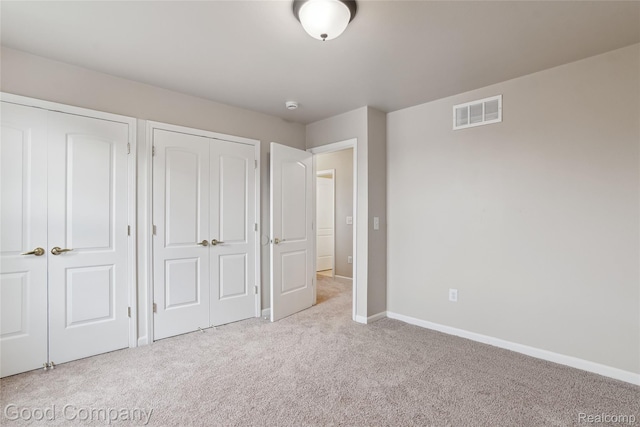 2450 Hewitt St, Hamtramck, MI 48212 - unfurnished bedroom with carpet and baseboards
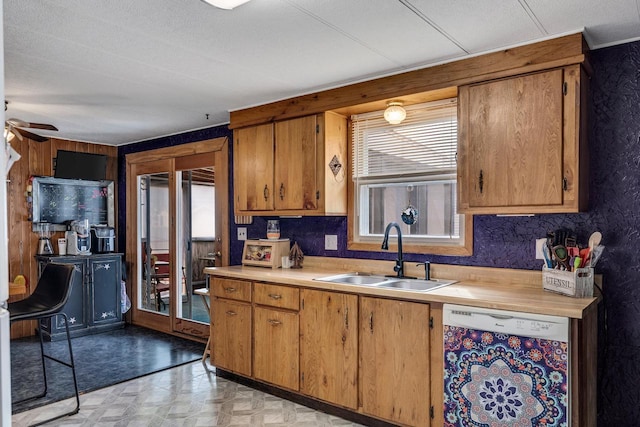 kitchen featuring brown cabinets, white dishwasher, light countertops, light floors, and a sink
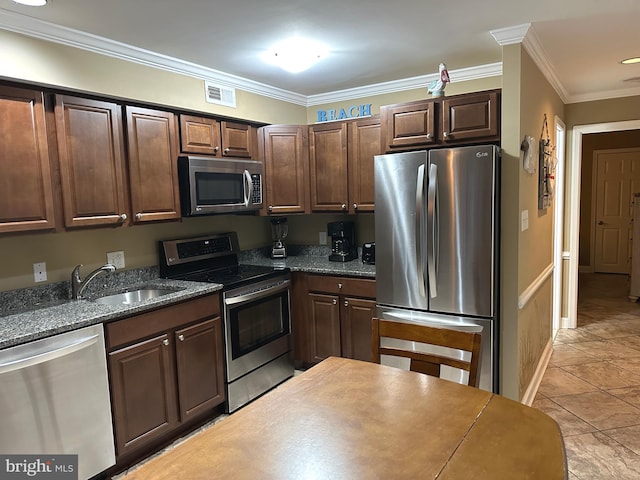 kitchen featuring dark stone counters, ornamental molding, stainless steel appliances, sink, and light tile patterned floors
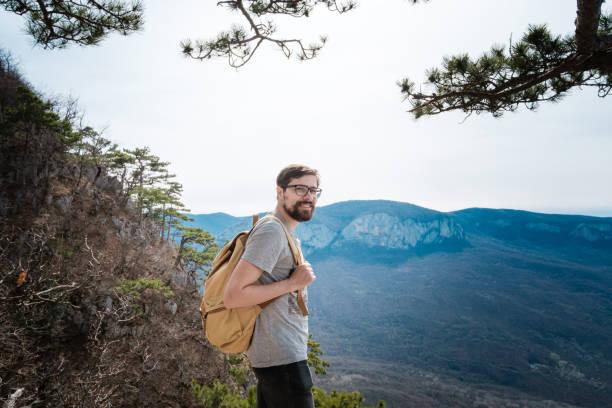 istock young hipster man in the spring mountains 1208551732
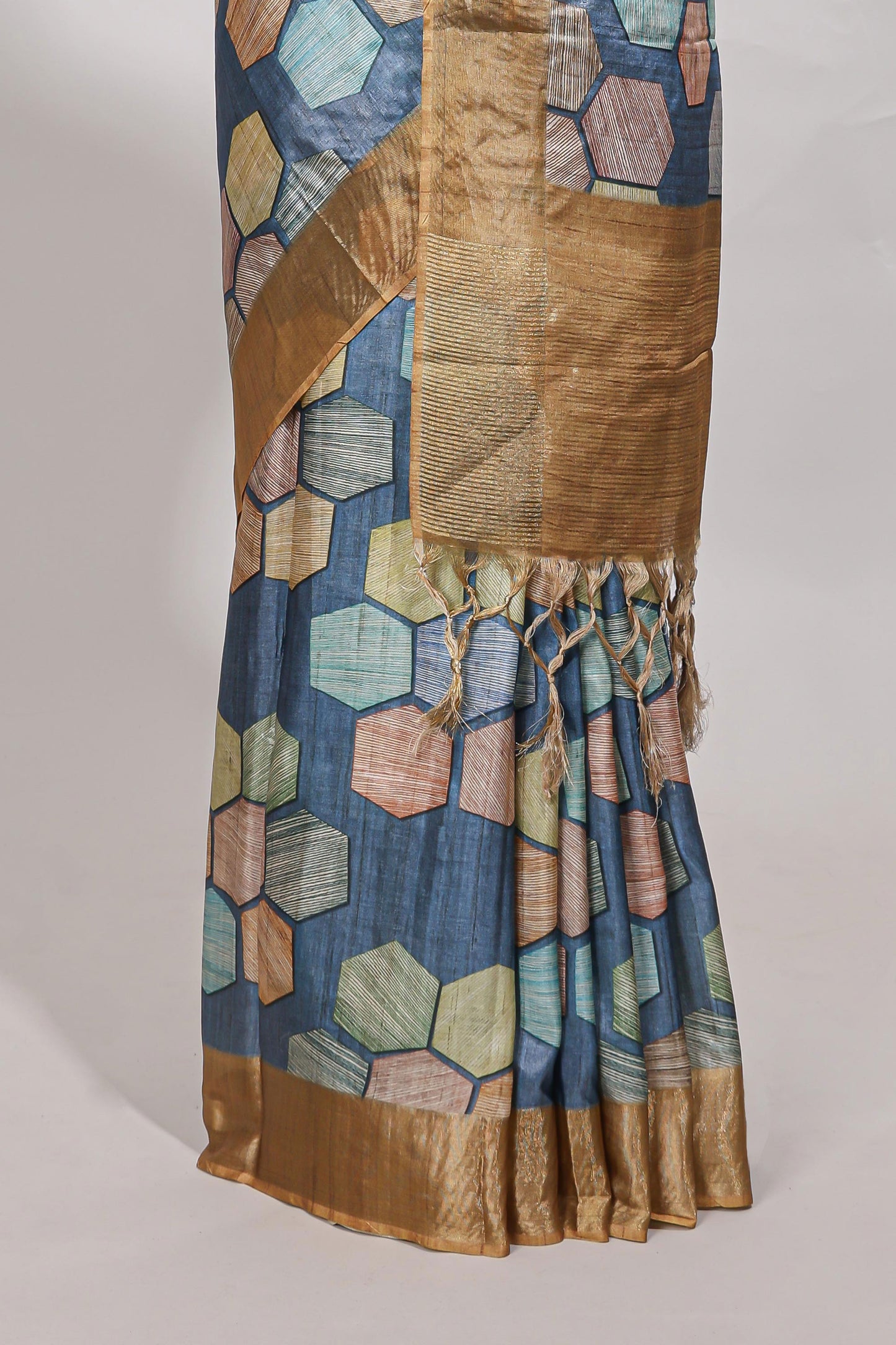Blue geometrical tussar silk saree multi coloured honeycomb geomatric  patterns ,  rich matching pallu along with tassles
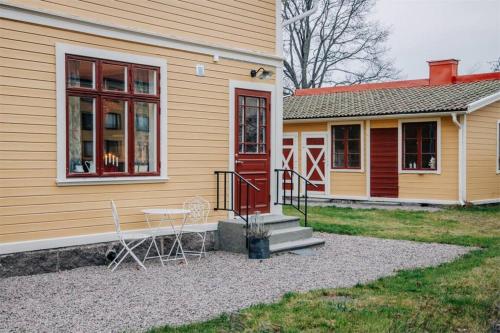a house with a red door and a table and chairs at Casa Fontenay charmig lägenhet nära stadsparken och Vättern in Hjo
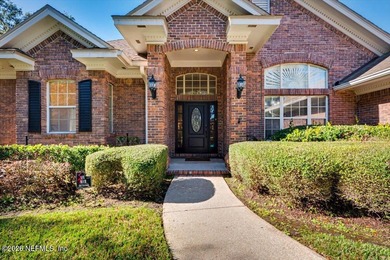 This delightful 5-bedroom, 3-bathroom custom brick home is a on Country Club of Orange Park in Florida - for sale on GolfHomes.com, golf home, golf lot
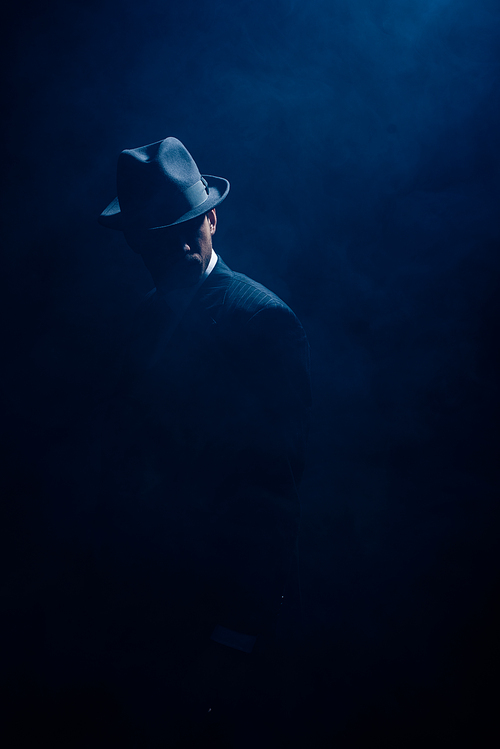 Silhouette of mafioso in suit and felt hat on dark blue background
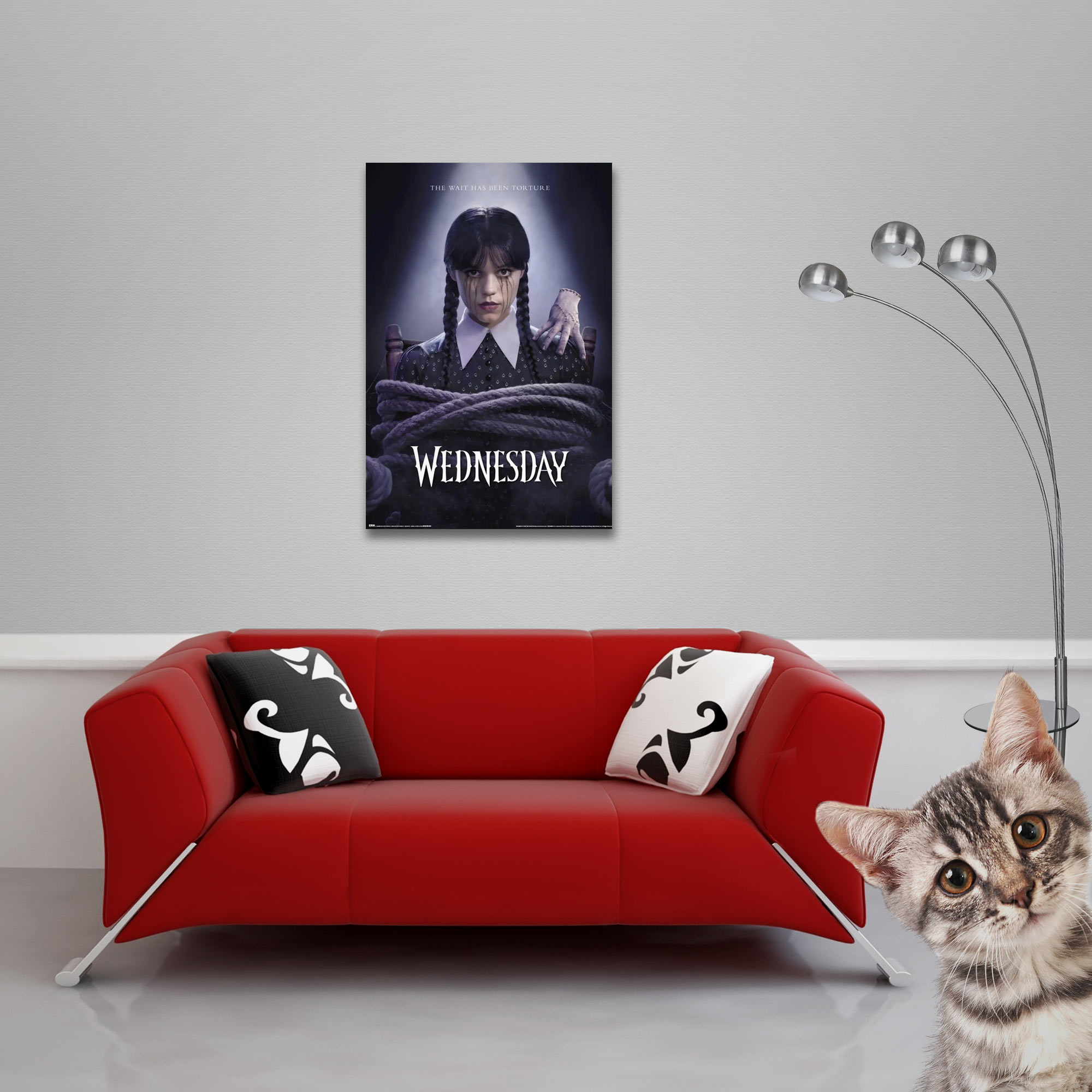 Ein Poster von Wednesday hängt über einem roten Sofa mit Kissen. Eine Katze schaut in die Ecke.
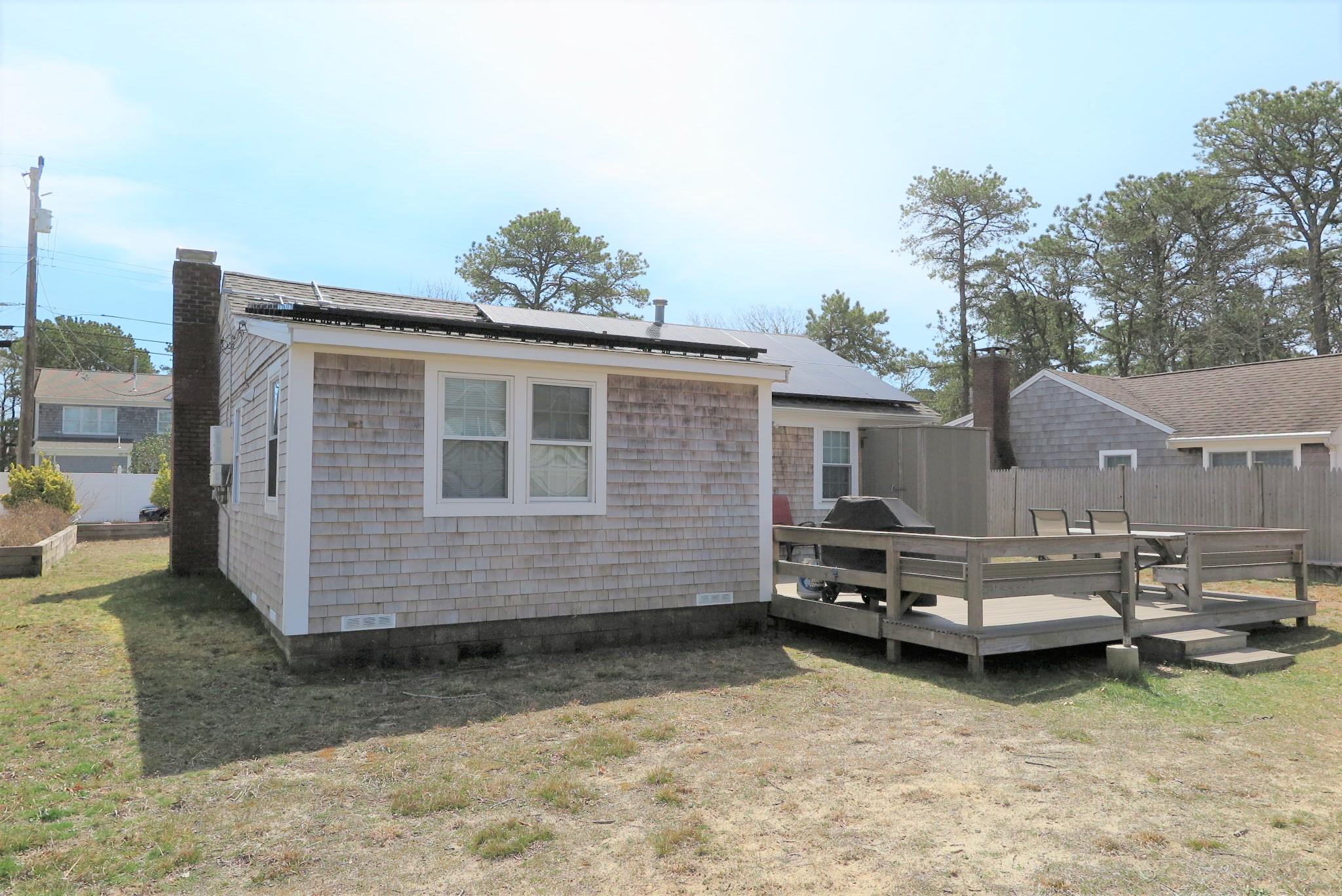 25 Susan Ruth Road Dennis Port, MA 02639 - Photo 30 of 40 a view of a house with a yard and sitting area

===============

▶ **Exercise**: Your copy should match the records above word for word, but without images.

▶ **Answer to this task**:
 2450 Hewitt St, Hamtramck, MI 48212 - unfurnished bedroom with carpet and baseboards
 kitchen featuring brown cabinets, white dishwasher, light countertops, light floors, and a sink
 kitchen featuring dark stone counters, ornamental molding, stainless steel appliances, sink, and light tile patterned floors
 istock young hipster man in the spring mountains 1208551732
Blue geometrical tussar silk saree multi coloured honeycomb geomatric  patterns ,  rich matching pallu along with tassles
a house with a red door and a table and chairs at Casa Fontenay charmig lägenhet nära stadsparken och Vättern in Hjo
 This delightful 5-bedroom, 3-bathroom custom brick home is a on Country Club of Orange Park in Florida - for sale on GolfHomes.com, golf home, golf lot
 Silhouette of mafioso in suit and felt hat on dark blue background
 Ein Poster von Wednesday hängt über einem roten Sofa mit Kissen. Eine Katze schaut in die Ecke.
 25 Susan Ruth Road Dennis Port, MA 02639 - Photo 30 of 40 a view of a house with a yard and sitting area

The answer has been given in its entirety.